[Caption-style text data]

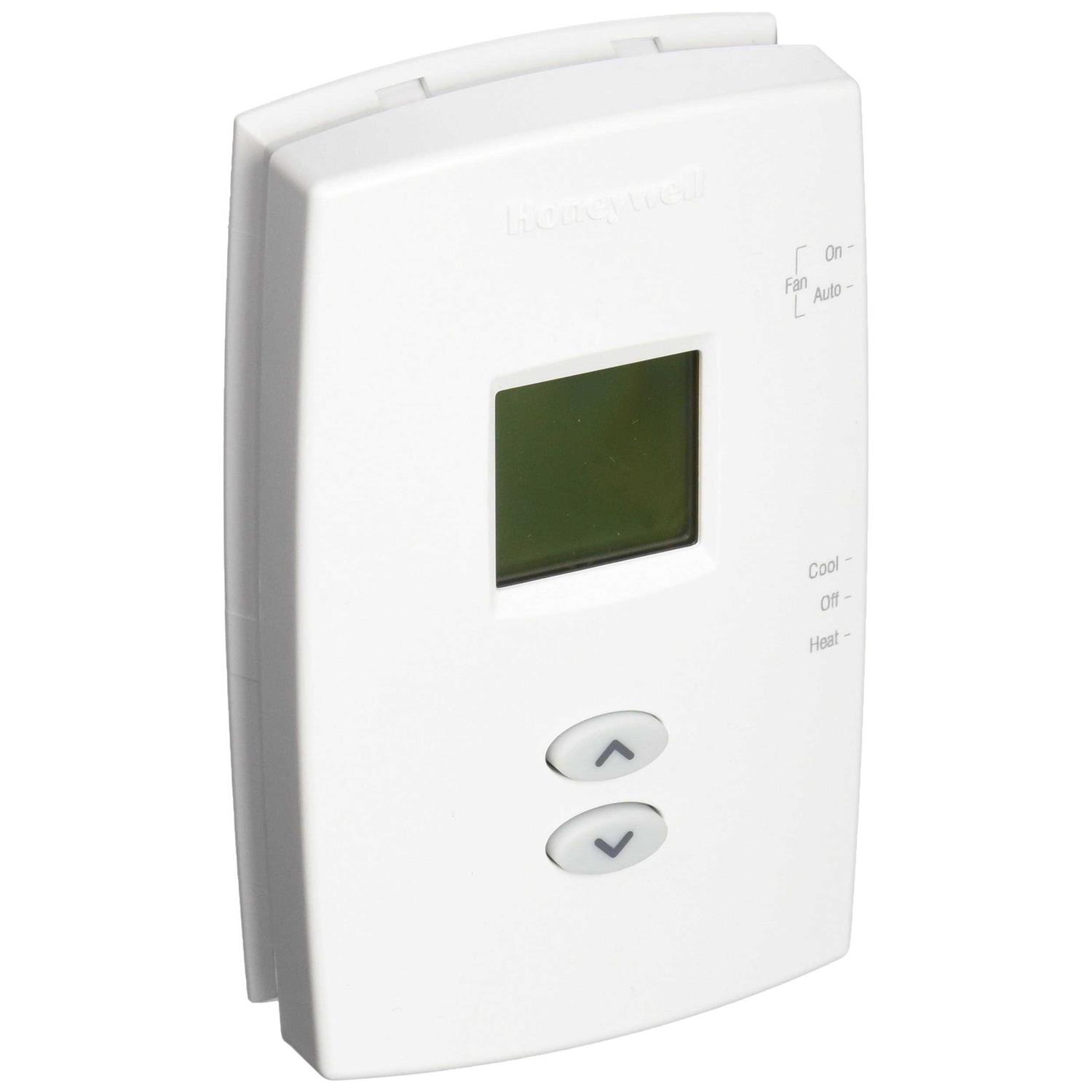 Honeywell TH1110DH1003 - Zenithce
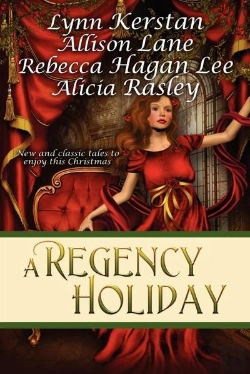 Bertrand.pt - A Regency Holiday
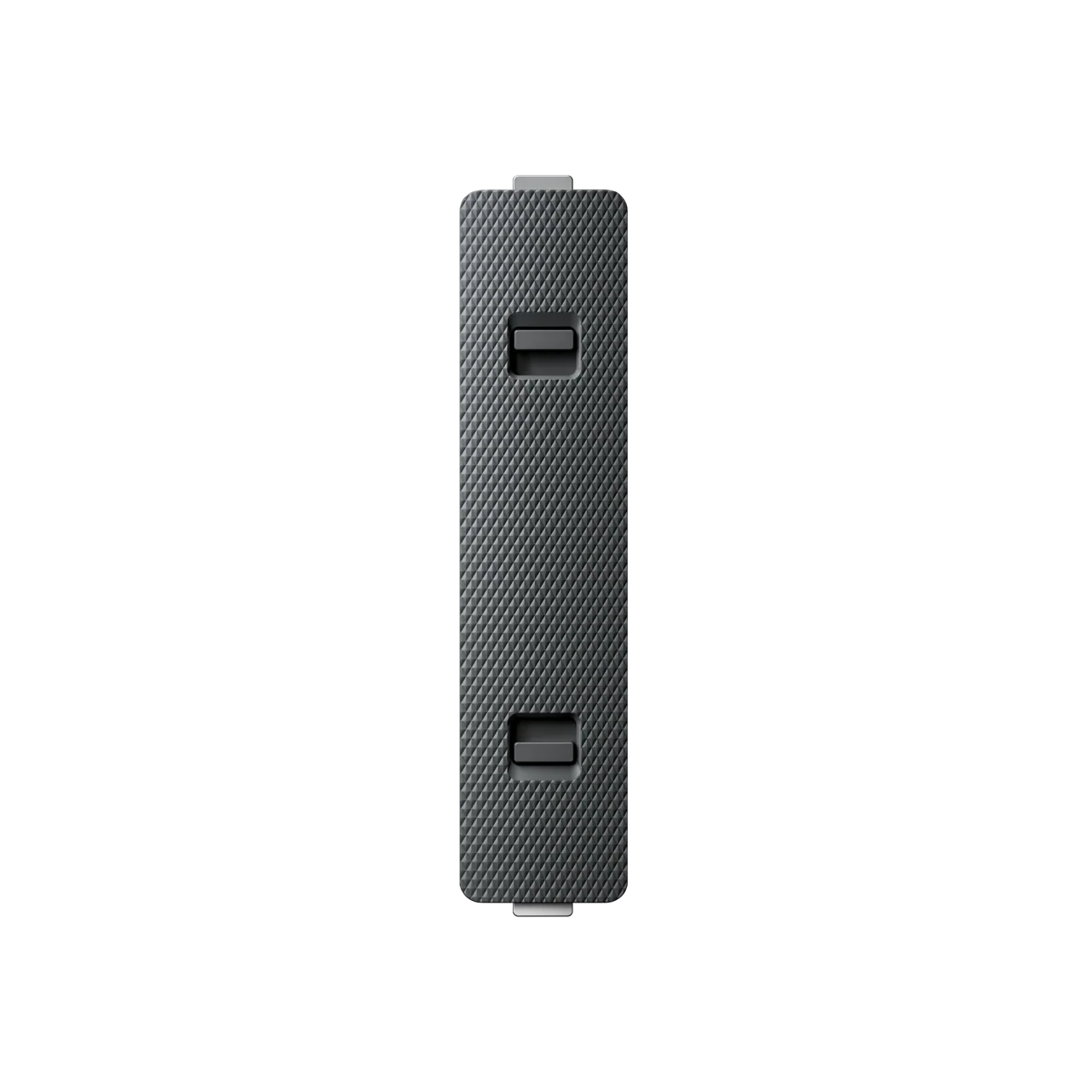 Insta360 X5 Ultra Battery - Image 3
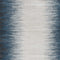 Rugs Cheap Rugs Online - 94" X 130" X 0.'5" Ivory Blue Polypropylene Rug HomeRoots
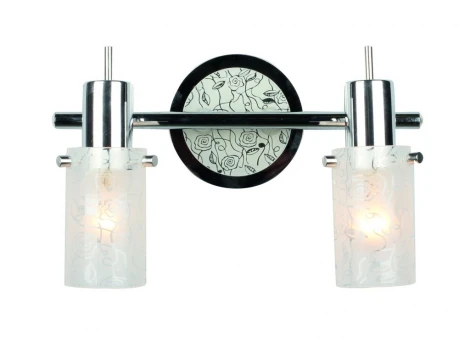 Спот Omnilux Oldbury OML-22701-02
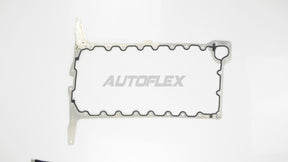 Oil Pan SG3080 - AUTOFLEX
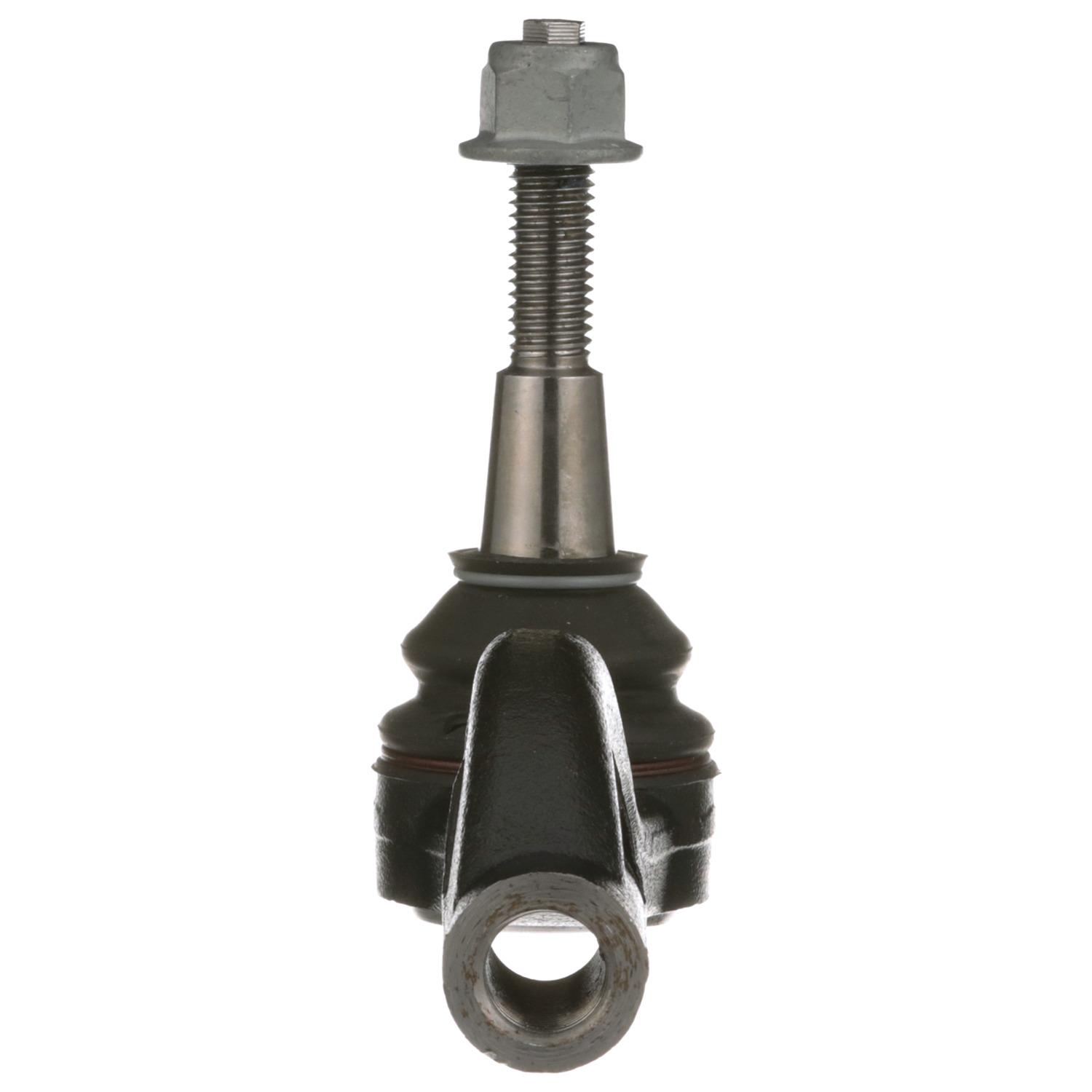Delphi TA6439 Steering Tie Rod End product image 7 of 7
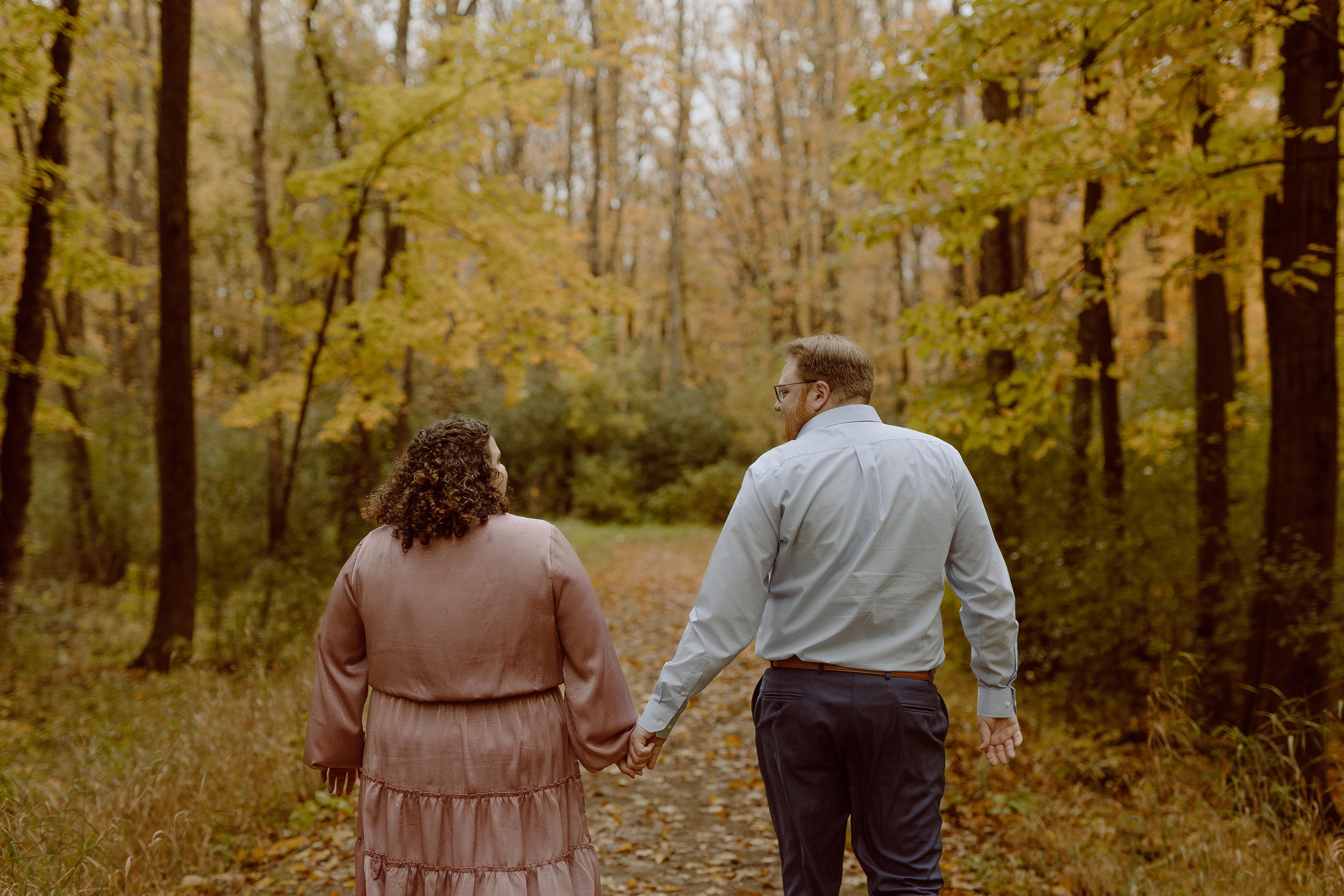 The Wedding Website of Haley Zangl and Jordan Johnson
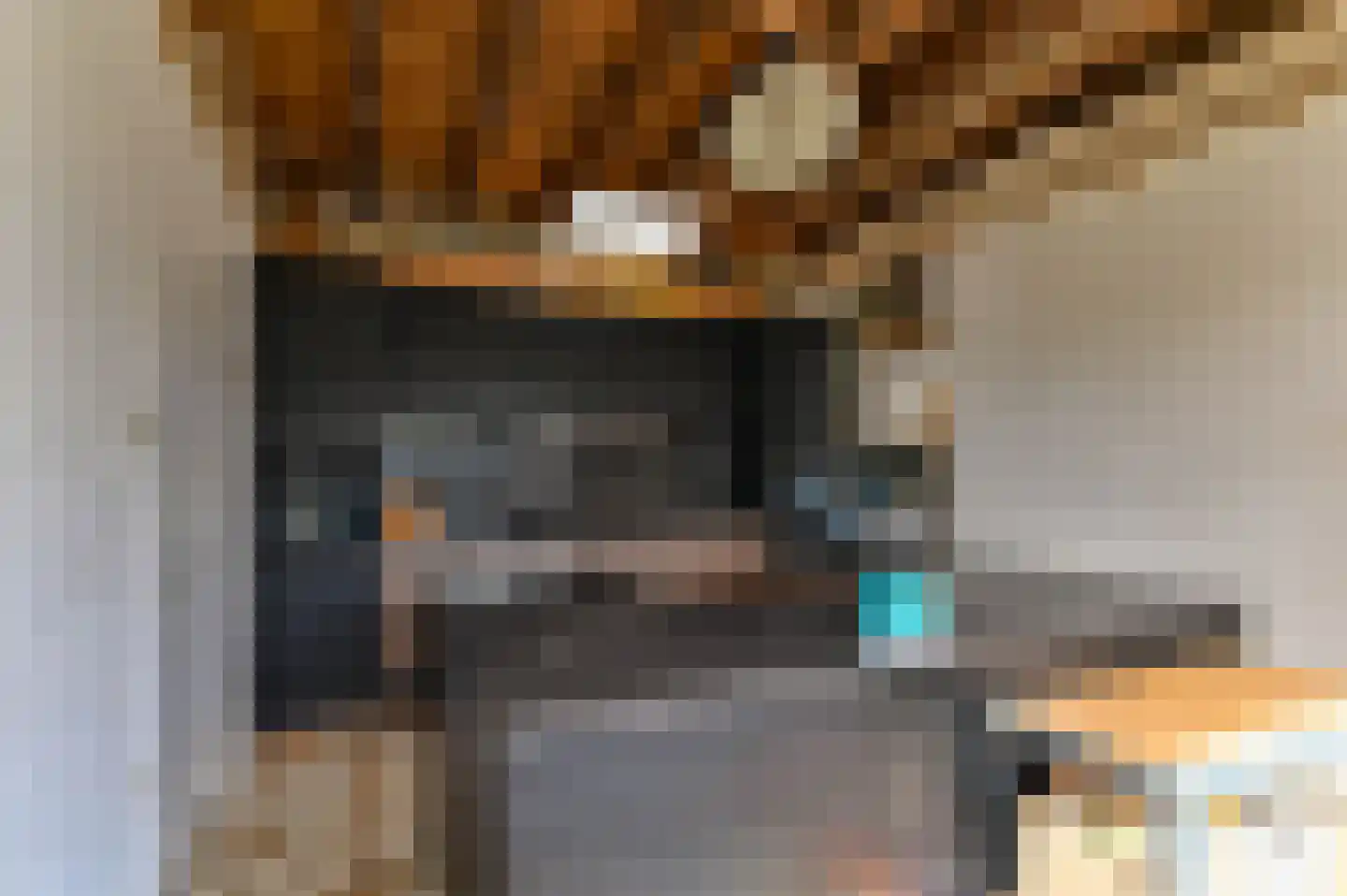 Bevrijdingsweg 36 Venlo thumbnail 4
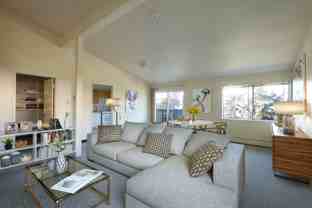 1703 Brooks Street #E - Photo 1 of 1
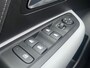 Citroën C4 1.2 Hybrid 145pk e-DCS6 Max I Alcantara Stoelen I CarPlay I Navigatie I Stoelverwarming I Stuurverwarming I 360 Camera I Elektrische Schuif/kanteldak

- TASK TO COMPLETE -
Take the line containing "Bevrijdingsweg 36 Venlo thumbnail 4" and every line after it up to the end of the entries, and quote them exactly. Both ends count; the pictures do not.

- EXERCISE RESULT -
 Bevrijdingsweg 36 Venlo thumbnail 4
 1703 Brooks Street #E - Photo 1 of 1
 Citroën C4 1.2 Hybrid 145pk e-DCS6 Max I Alcantara Stoelen I CarPlay I Navigatie I Stoelverwarming I Stuurverwarming I 360 Camera I Elektrische Schuif/kanteldak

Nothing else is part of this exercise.